Tuesday, July 01, 2008

Addiction to chaos

While it's been almost a month since I last updated this blog, the street protests against U.S. beef haven't stopped yet. Actually, they seem far from being over. The rallies are still being held every night into the dawn, with an increasingly diverse spectrum of people joining in.

I believe people's freedom to express their opinions is sacred and should be respected. I know how depressing a society can become when such rights are denied - I guess a prime example is Singapore, which pretty much prohibits any kind of public demonstrations. But watching the protests here, I can't help but feel something's wrong.

This week, a group of labor unions, led by those representing Korea's flagship carmaker Hyundai, announced that they'll go on a strike, and oddly, their demands include the withrawal of the beef agreement with the U.S. The labor union of Hyundai goes on a strike almost every year any way, and it seems like they just conveniently took on the beef issue this year, because that's what everyone's talking about these days - so much so that even a Catholic group took to the street.

In the beginning, the protests were prompted by genuine concerns about health, but it's quite hard to understand what's keeping the protesters on the street now.

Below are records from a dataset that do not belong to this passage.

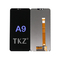 Экранный дисплей мобильного телефона замены TKZ для OPPO A3S LCDS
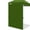 Grass Green, variant on Eagle Peak sidewall Clearance Gazebos Tent for 5x5ft Canopy Straight Leg Outdoor Instant Canopies - 1 Pcs Canopy Sidewall Only, White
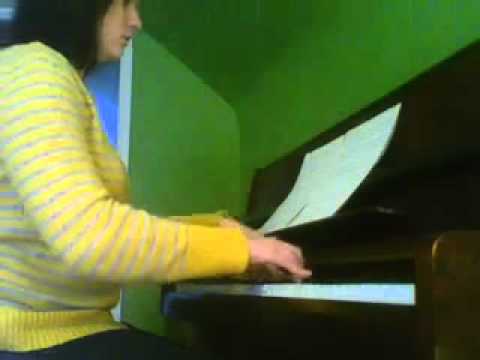 Knowing by Alex Wurman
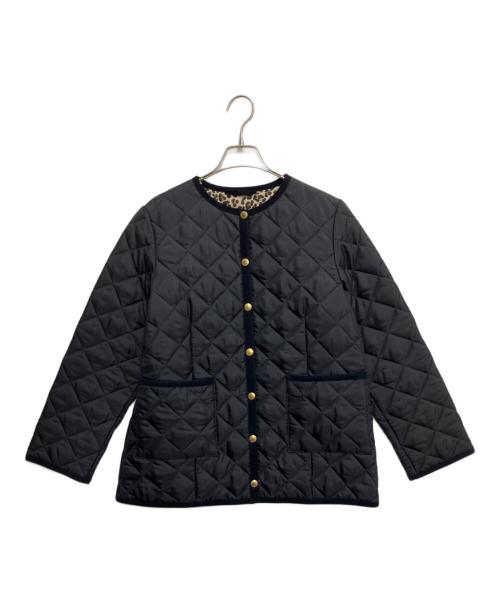 中古・古着通販】Traditional Weatherwear (トラディショナルウェザー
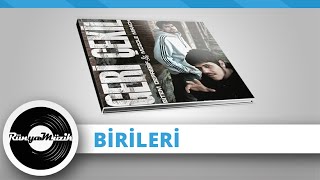 Mirac Mozole Mirach amp Sitem Depresif  Birileri Official Audio [upl. by Sukhum257]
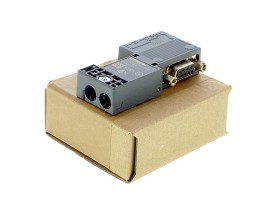 SIEMENS 6ES7 972-0BB70-0XA0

The president has appologized publicly twice, and the government managed to deliver what people wanted through additional negotiotions with the U.S. I thought that would've been enough to calm people down, but apparently it wasn't. Ironically, the first shipment of U.S. beef that went on sale this week sold out in less than a day, according to the media.

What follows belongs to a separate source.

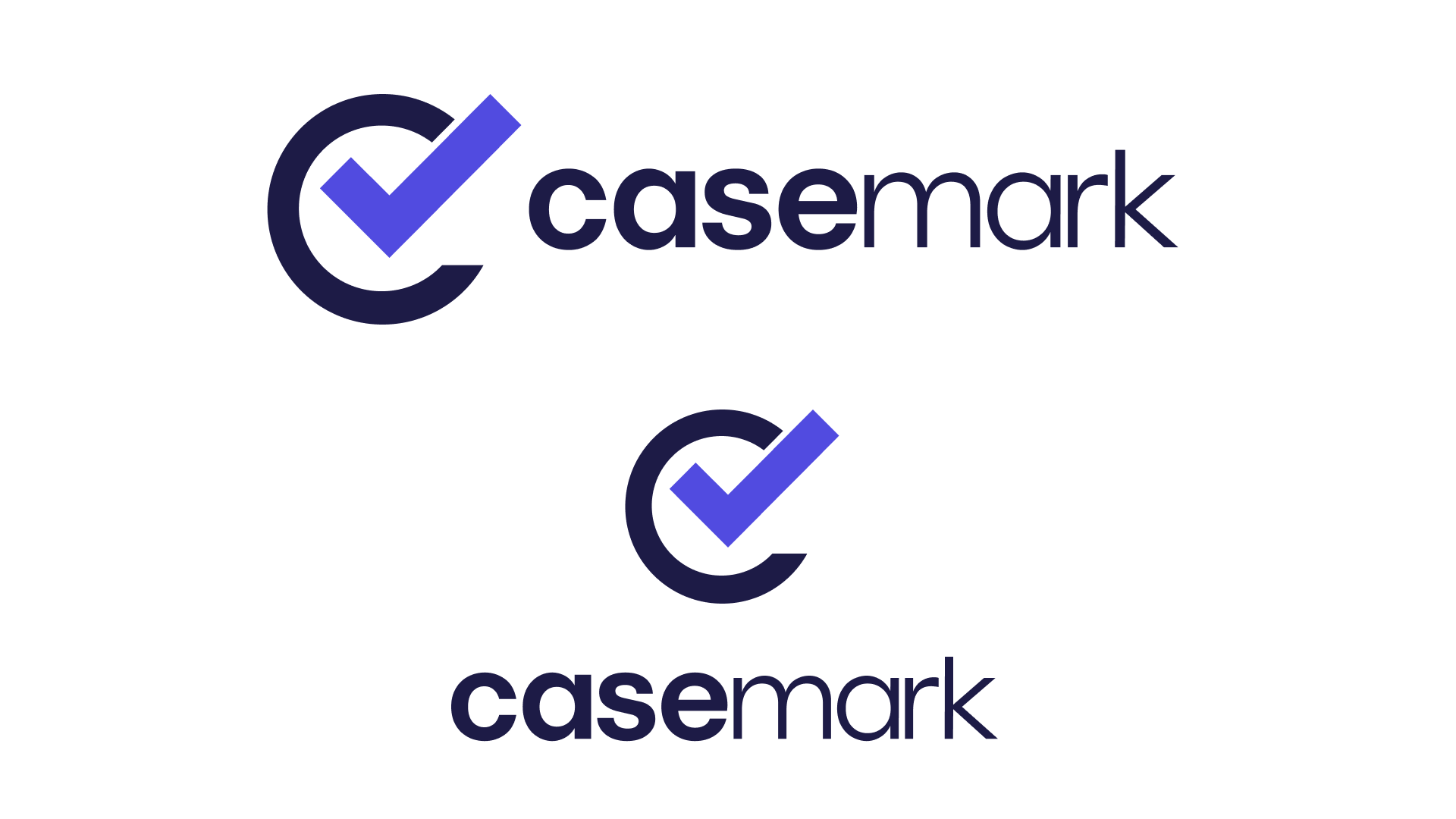 Brand & Design System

Maybe people just don't like the president any more - the same guy they voted for just months ago - like in a bad marriage. The Wall Street Journal did a story on this, saying the root of the protests is disappointment in the president, although they started because of U.S. beef. I'm not a big fan of the president myself , and I wouldn't have voted for him, but it seems a bit too soon to judge him now, especially given how people elected him with such overwhelming support.

To me, it seems more like people came to know what it tastes like to get what they want by demanding it, and they are getting addicted to the taste, not knowing when enough is enough. After all, the current protests have long lost their legitimacy, by allowing irrelevant self-interests to get in the way.

2 comments:

Shawn Smith said...

thanks for the report Jun, interesting to hear your perspective on this.

so hyundai's labor union goes on strike just about every year - and they try to use their strike to make political demands? That's really interesting.

I'm not sure what the american gov't would do if a u.s. union tried that, but I imagine they wouldn't give in.

do you think there is an anti-american sentiment that could be adding to the protests' fervor?